When life seems a burden and death a solution, an escape
Atul, 22 years old, is ambivalent about life in general. Hailing from Bihar, he has a scattered family and is studying alone in Noida. Tall and lanky with a muscular frame, an expression of innocence hovers on his face like mist of an early morning.
He was ambivalent about committing suicide when he tried on the evening of 27 August. He chose a section of the Metro station that’s not under surveillance — obviously he’s a good strategist. He sought his demise in privacy, but also chose a Metro station to do it — a crowded public place. He wanted his body to be found without much delay and handed over to his folks.
He jumped on the track when the train was slowing down, and started running away from the train on the tracks, till it came to a grinding halt without hitting him. Some passersby pulled him back to the platform — I was one of them.
“Please don’t call the police,” he implored. They left him to his devices and boarded the train to complete their journeys. He was standing alone on the platform, numbed by his own action, when I approached him.
“There’s another train arriving in two minutes, better luck this time,” I said in a level tone. “It will come fast, you’ll be dead before you feel the pain.”
“Not today!” he said without any sign of ambivalence. I laughed aloud, he wasn’t joking. We started talking, I invited him for a cup of coffee.
We sat across the small round table. He was staring at oblivion, wasn’t in the mood for a conversation. “Are you an addict?” I asked. He was wearing tight Levis, a pair of leather chappals, a shirt that hung loose on his torso — the sweat marks formed concentric circles around his armpits. He smelled like a goat.

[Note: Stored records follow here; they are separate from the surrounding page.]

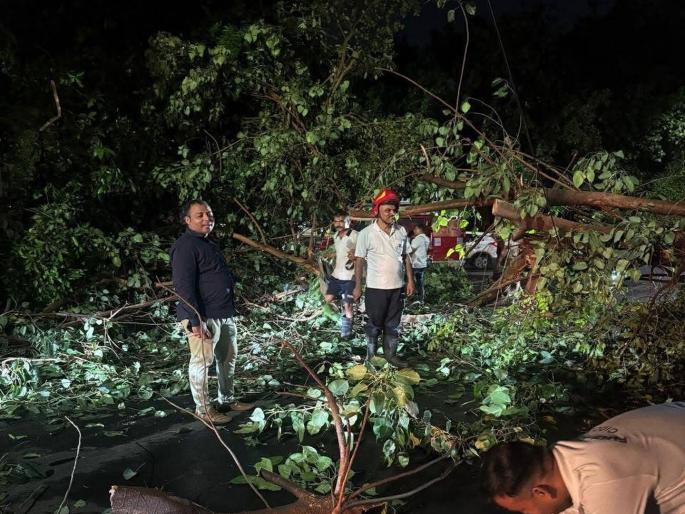 Unseasonal rains in Panvel; 16 trees uprooted, wedding season also affected | पनवेलमध्ये अवेळी पावसाचा रुद्रावतार; १६ झाडे उन्मळुन कोसळली, लग्नसराईवर देखील पडसाद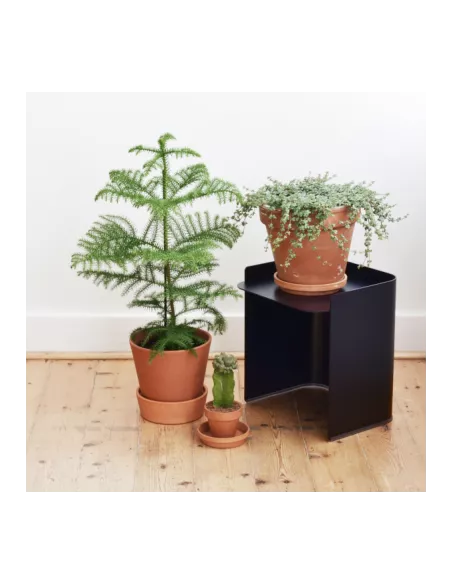 Table basse Flor - 3 dimensions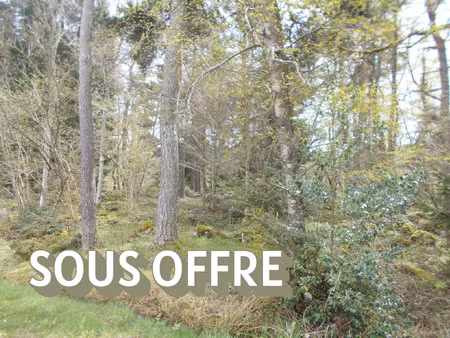 achat terrain 991m² st jeures 43200
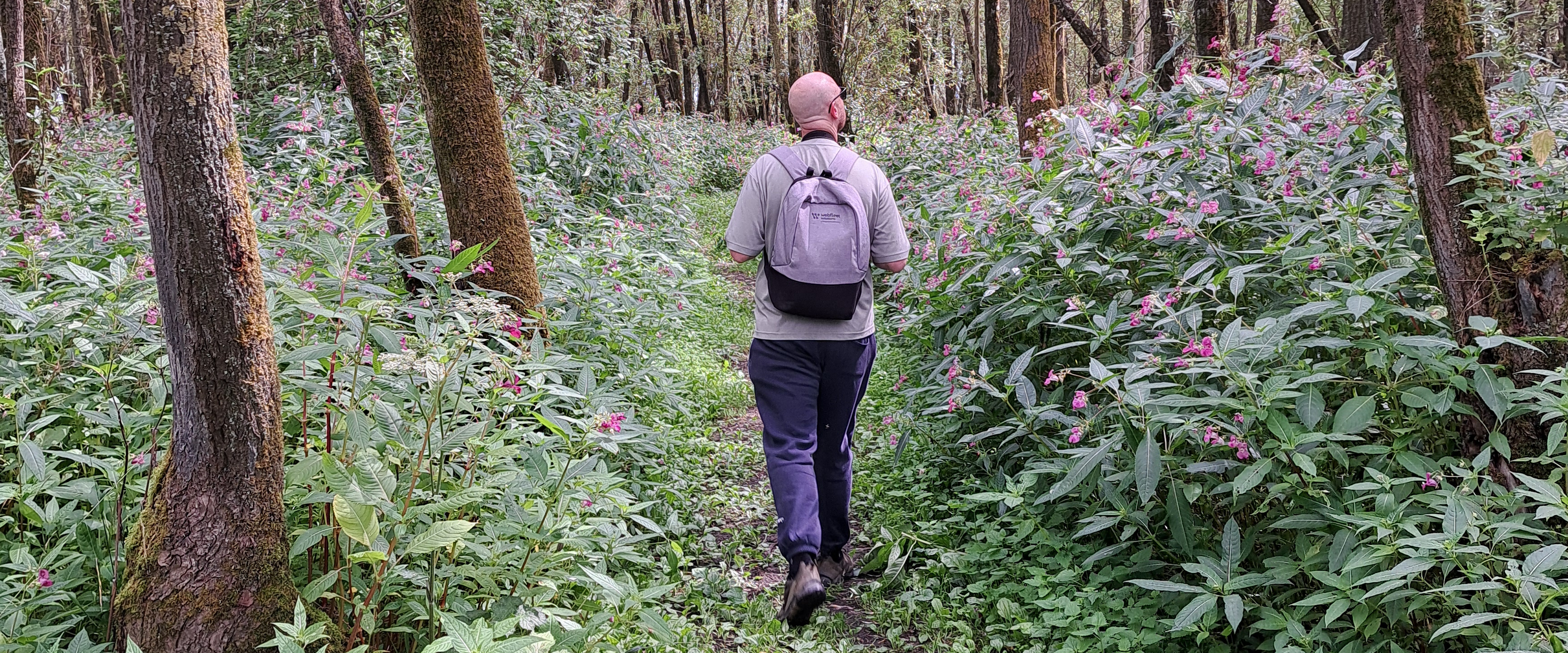 challenge background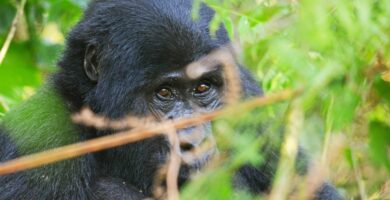 Bwindi Impenetrable Forest Gorilla Trekking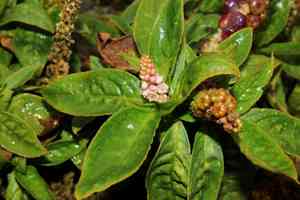 Southern pokeweed(Phytolacca bogotensis)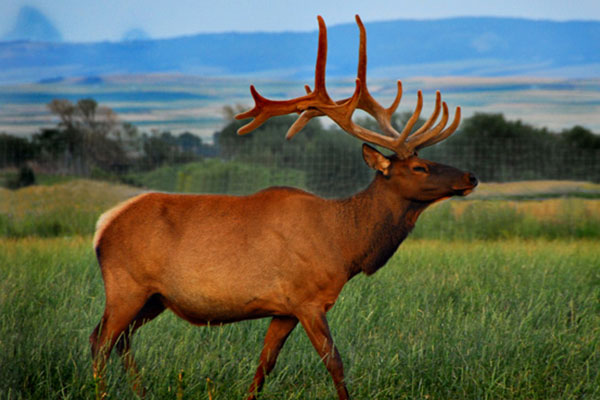 close up of an elk in a field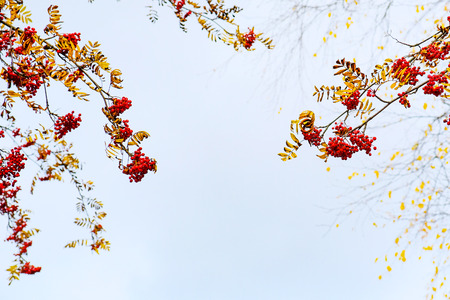 bright beautiful branches of a mountain ash against the skyの写真素材
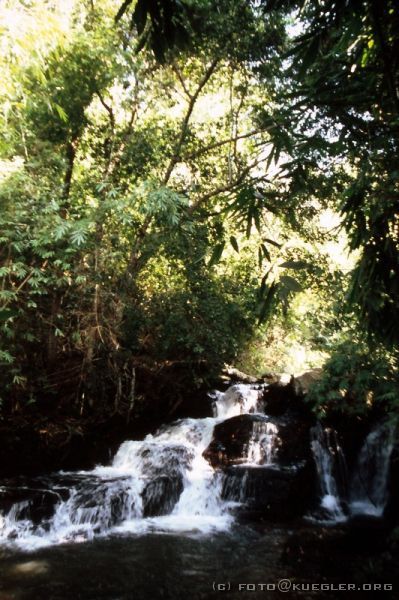 image-252 <p><b>Treckingtour</b></p>
<br>
<div align=left>
<p>Wir laufen noch mal knapp zwei Stunden bis zum heutigen Wasserfall. Leider liegt der schon vollkommen im Schatten, und es wird recht frisch. Aber da es keine gewohnte morgendliche Dusche gibt, muss man da eben durch!</p>
</div>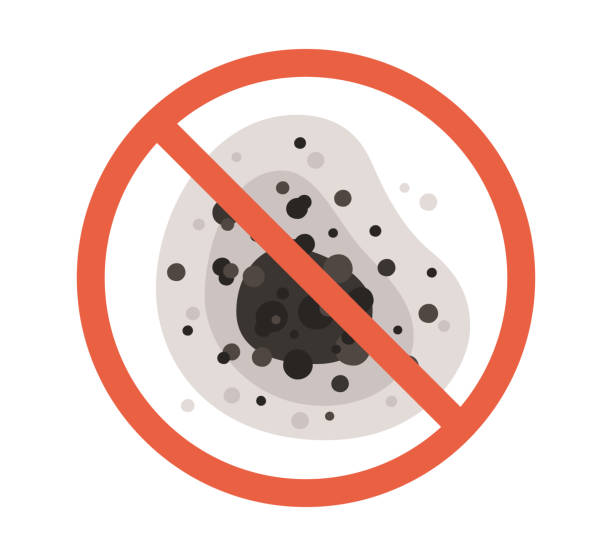 Best Real Estate Mold Inspection  in Trevorton, PA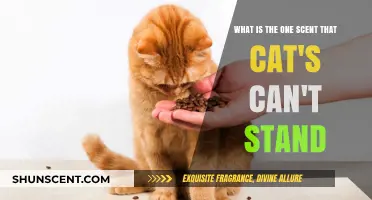 Uncover the Aroma Cats Despise: The Scent They Can't Tolerate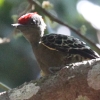Grey-and-buff Woodpecker JRQ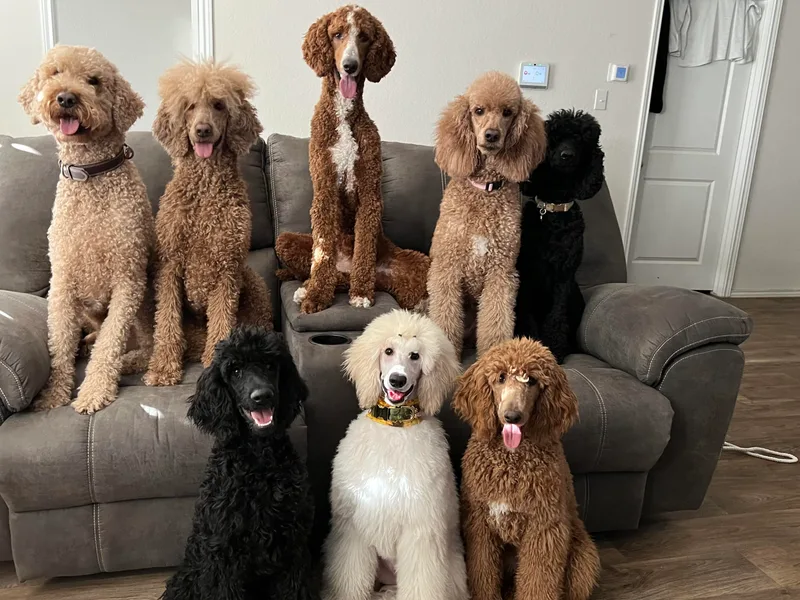 Himari Poodles photo 1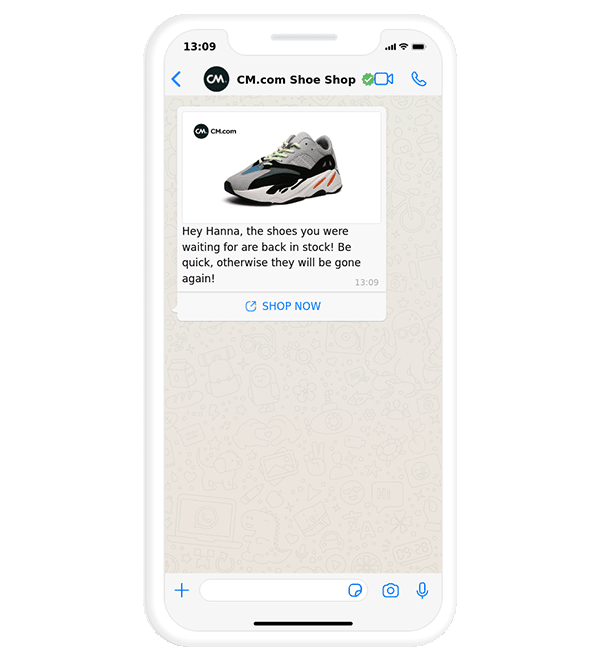 WhatsApp newsletters back in stock
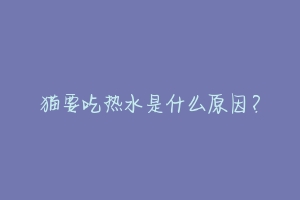 猫要吃热水是什么原因?-动物百科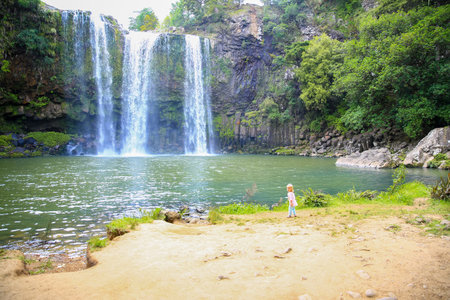 Little girl enjoying Spectacular view of Whangarei Falls,  New Zealand.の写真素材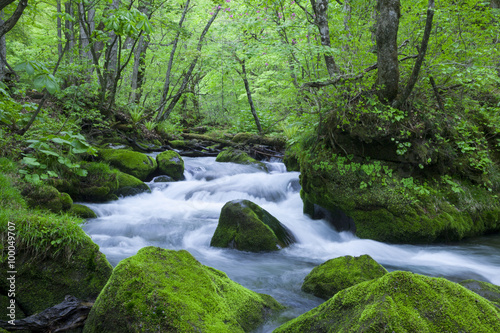 Stream in green forest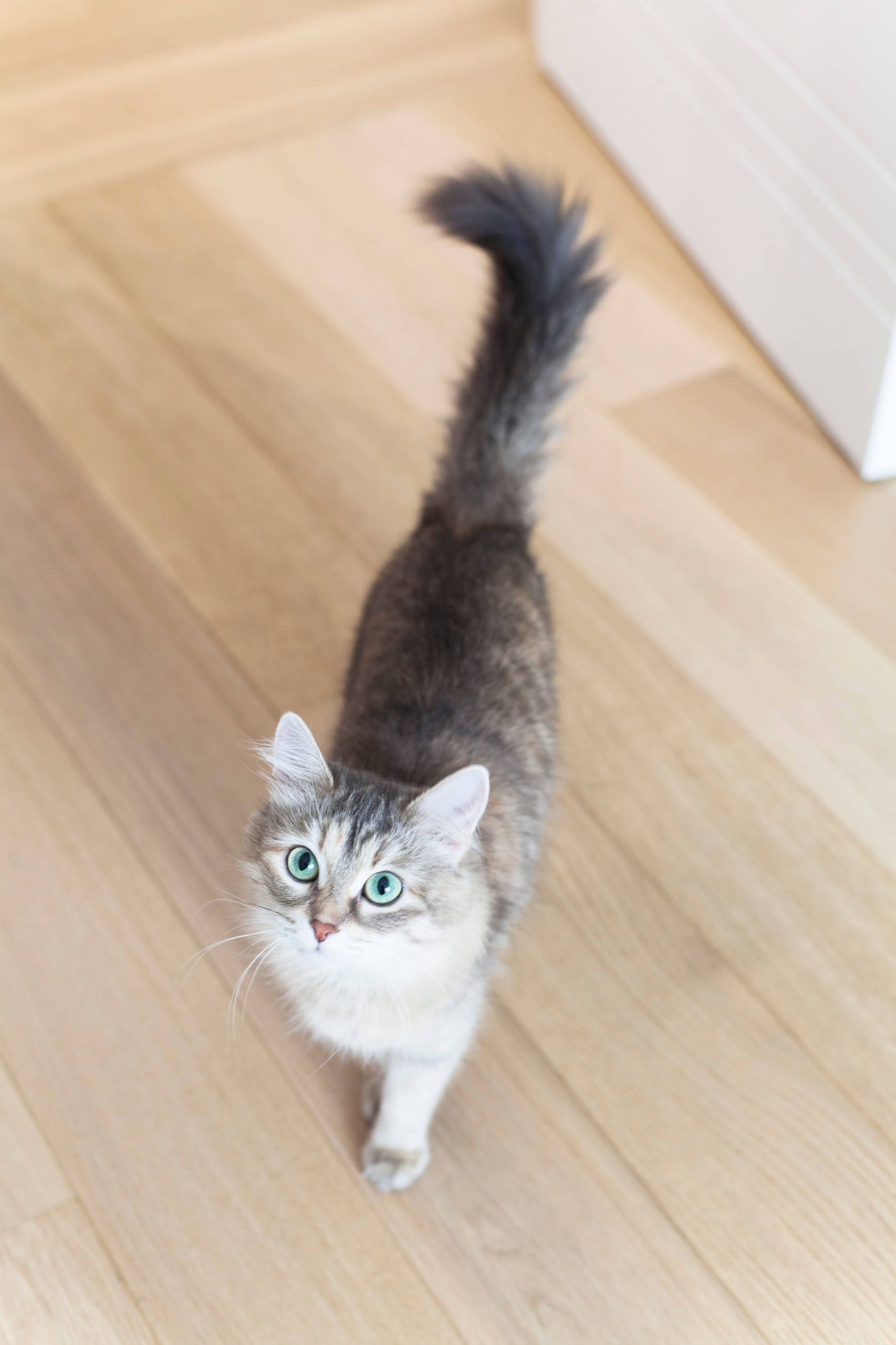 В гостях: Квартира в П-44 — c радугой и вигвамом в детской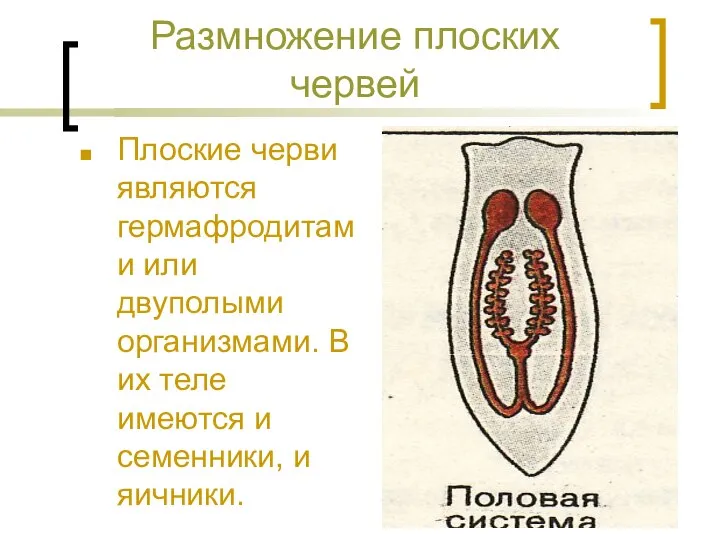 Размножение плоских червей Плоские черви являются гермафродитами или двуполыми организмами. В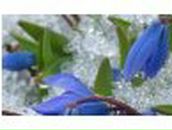 Полина Тесленко | Полтава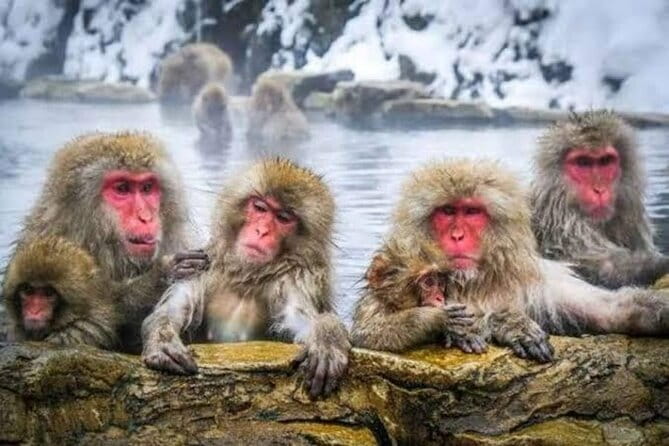 Tokyo Nagano Snow Monkey Park and Zenkoji Temple English driver - Zenkoji Temple and Nagano’s spiritual center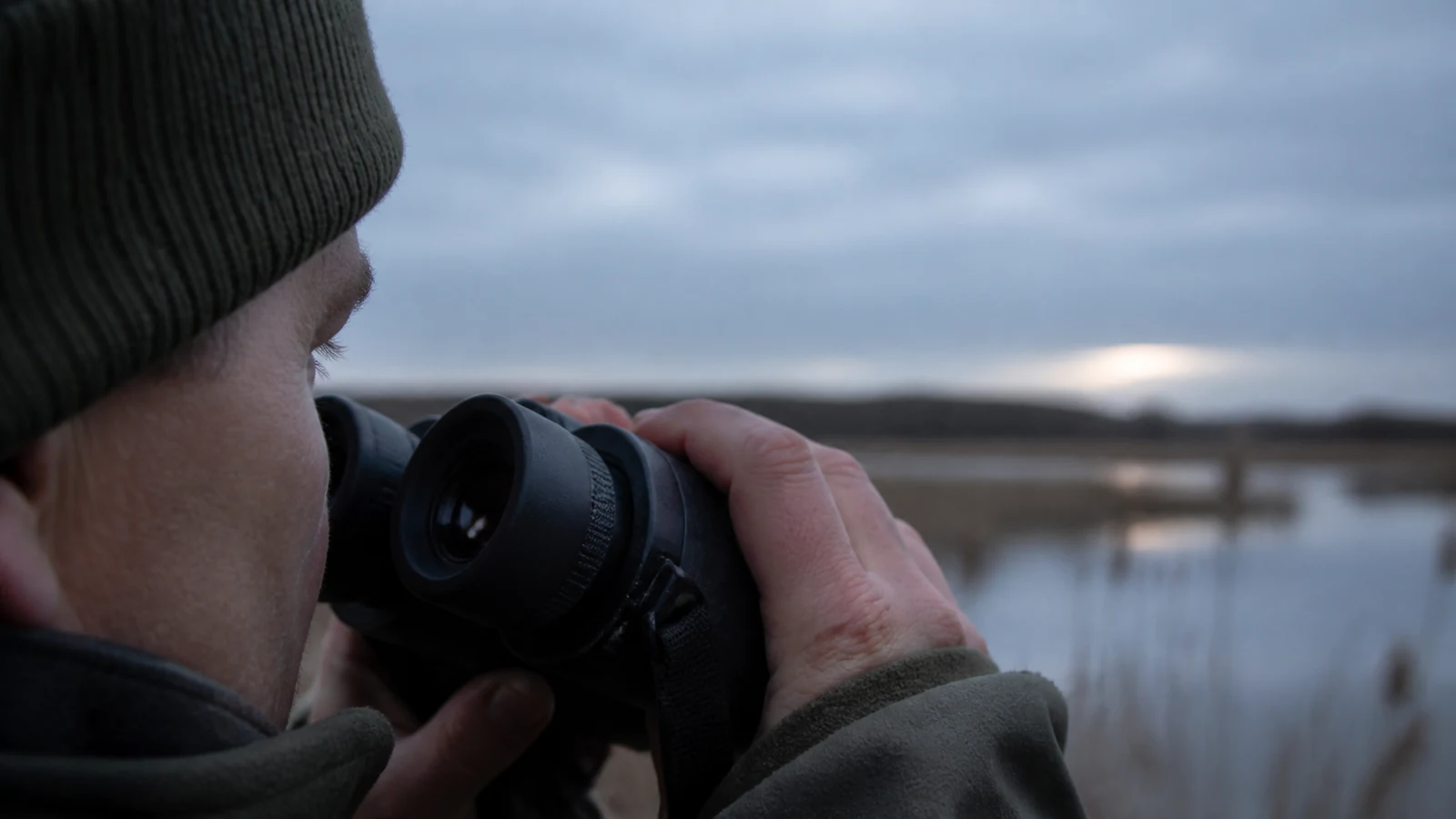 Close view of binocular eyepieces positioned for comfortable long birdwatching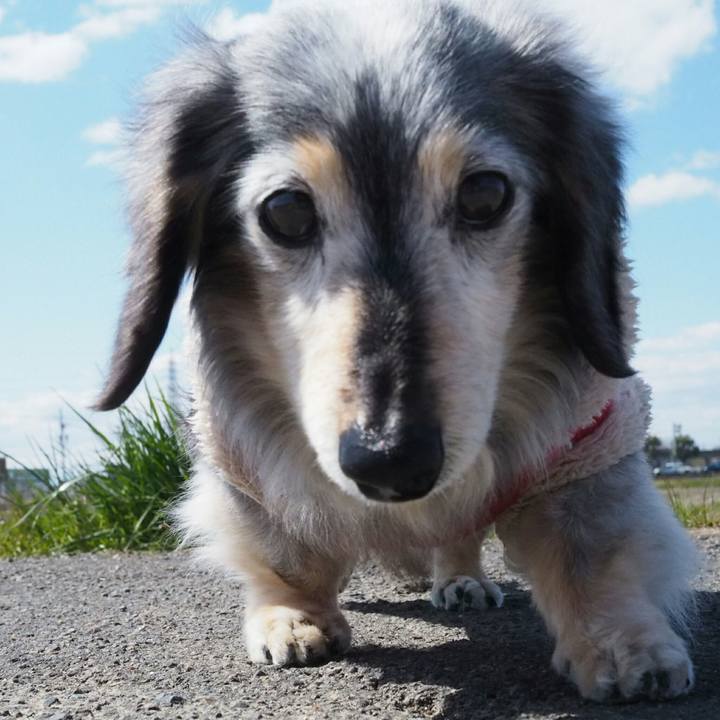 74782878 bf78 4e49 96c9 a1f179764644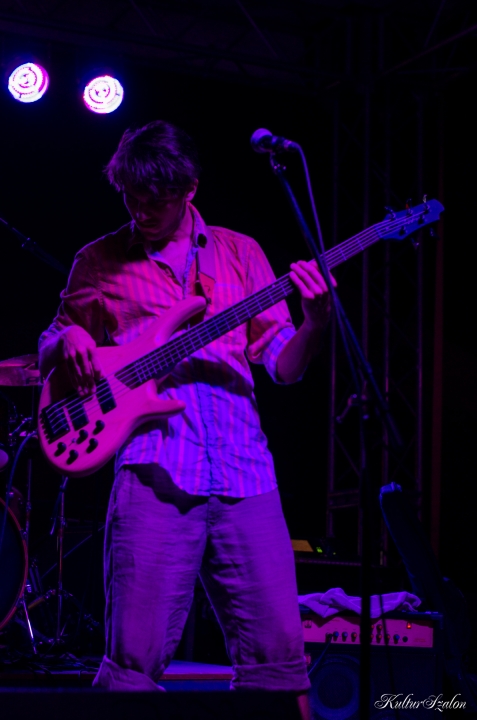 Ed Is On a Vidor Kertben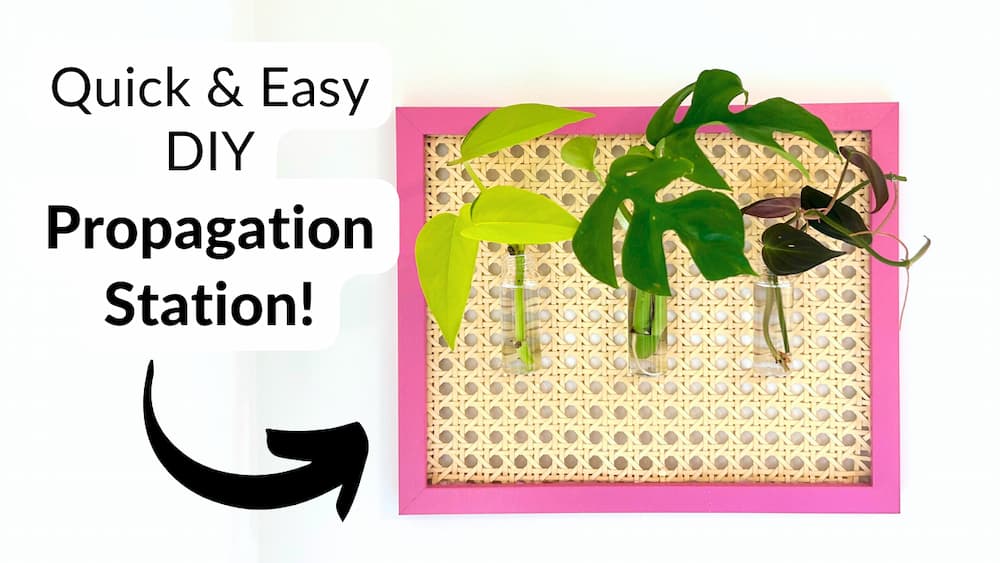 propagation station in pink picture frame with rattan backing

I repeated the question. I saw the blood veins emerging from the edges of his big clear eyes, soon brimming with tears that didn’t overflow. He just said tamely, but with much effort, “I’m stoned.”
We exchanged numbers before I paid an autorickshaw to take him home. “Send me a text when you reach home, unless you decide to try again,” I told him. He smiled, and re-asserted, “Not today!”
A week later, I call him and encouraged him to meet me over a glass of beer. He settled for a cup of coffee. The venue was a cafe at Sector 18, Noida. He was there before time. He looked to be a man in control, a lot more communicative and expressive. Fairly articulate in English, he did his schooling from a leading public school in Delhi, was a boarder.
“Thanks for what you did for me. I was meaning to call you. But was a bit embarrassed to face you again,” he said. “I want to understand the circumstances that led you to a failed attempt to commit suicide,” I asked. He burst out laughing. Initially reluctant to talk but when he got going, there was no stopping him for the next half an hour.
Atul’s father died five years ago, mother is a government servant posted in Lucknow; elder brother is married and lives in Bangalore. He’s in the final year of graduation in a private university in Noida. He had an affair with his roomie for six months, but his secret partner didn’t just disown the whole affair, also blamed it on him, called him names and made it public — an alibi for moving out of the room they shared.
He was ridiculed for his sexual preference, though he claims to have had many female partners, even when he and his flatmate tacitly allowed each other to be physically manipulated. “No one (in his peer group) asked him (the partner) why did he allow me to go on so long, if he abhorred the experience?” Atul sums up: “Perhaps, he was jealous of my girlfriend.”
All this while he was doping and drinking heavily. The same roomie he had a fling with introduced him to a drug peddler — another college mate who drives a big bike. He had the best stuff, good value for the exorbitant rates he’d charge.
Atul would pay out of his pocket money, which was grossly insufficient. The peddler claimed to be a friend, gave dope on credit, which piled up over the last year. He owes the peddler close to a lakh rupees. The day he attempted suicide, he was under severe pressure to pay up.
The peddler has stopped supplying dope on credit. He became desperate. He even slept with some rich aunties for money — though he hates it if you call him a ‘gigolo’. He stopped attending classes, flunked in the last semester.
Atul’s mother was informed, his brother came to see him – was told what was happening to him, though not the money part. He was moved out of the hostel and shifted to a rented room close to the house of a relative in Noida. The relative’s family encouraged to visit him at any time of the day, many times a day, without prior notice.
The peddler wants his money. He calls him many times a day. Atul started taking tuitions last month, but it will take a year to repay the debt. The peddler is not willing to wait. He felt so cornered that he decided to kill himself. “It’s not just the money that bothers me. It’s who I am. I don’t hate me but I don’t know who I am. I feel I’m residing in a stranger’s body,” he describes his predicament.
“Call your brother or your mother or both and tell them you owe this peddler money. They will surely bail you out. Ask them to treat it as a loan. They’d hate you for this but will understand,” was my advice to him.
In general, this is not specific to Atul: It’s good to be yourself. If you live in denial, you will appear stranger to your own self.